** Provided material follows **

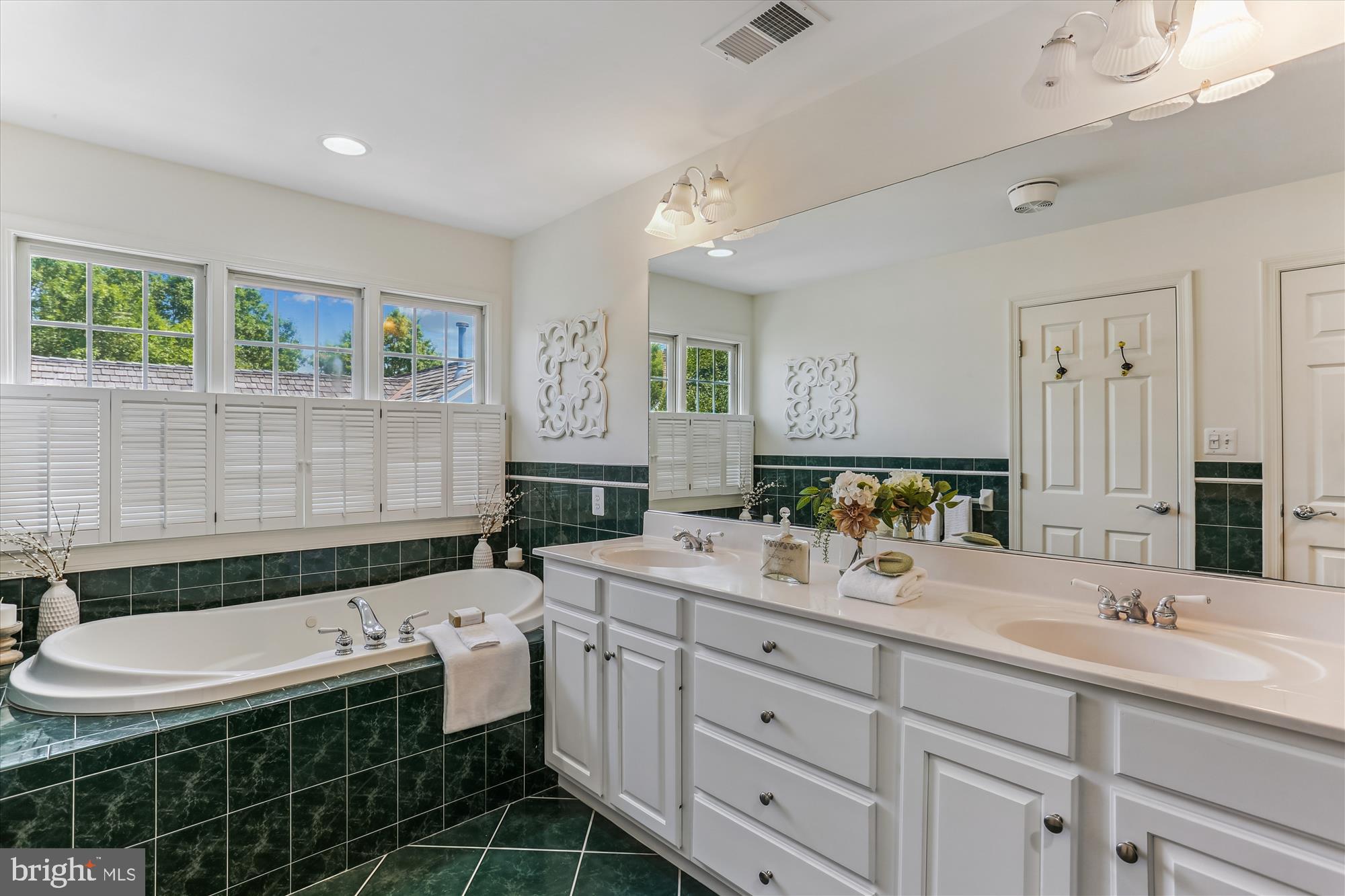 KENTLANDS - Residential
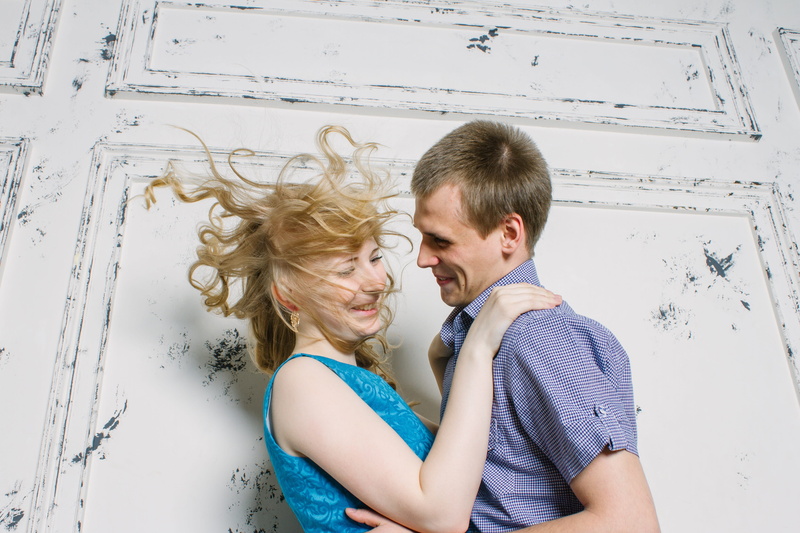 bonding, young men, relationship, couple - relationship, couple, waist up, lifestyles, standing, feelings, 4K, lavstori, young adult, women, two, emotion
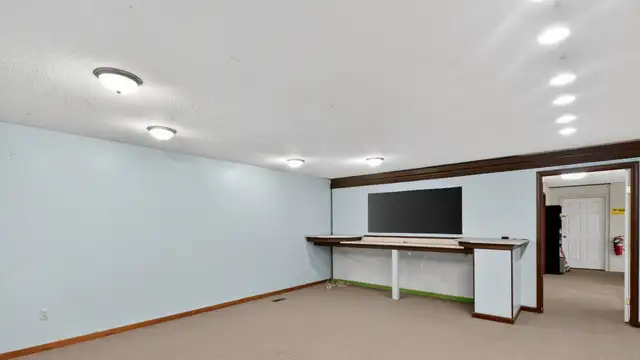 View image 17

** End of Provided material **

Your task: Each line above should be written out again unchanged; no images are to be carried over.

Answer area:
 KENTLANDS - Residential
 bonding, young men, relationship, couple - relationship, couple, waist up, lifestyles, standing, feelings, 4K, lavstori, young adult, women, two, emotion
 View image 17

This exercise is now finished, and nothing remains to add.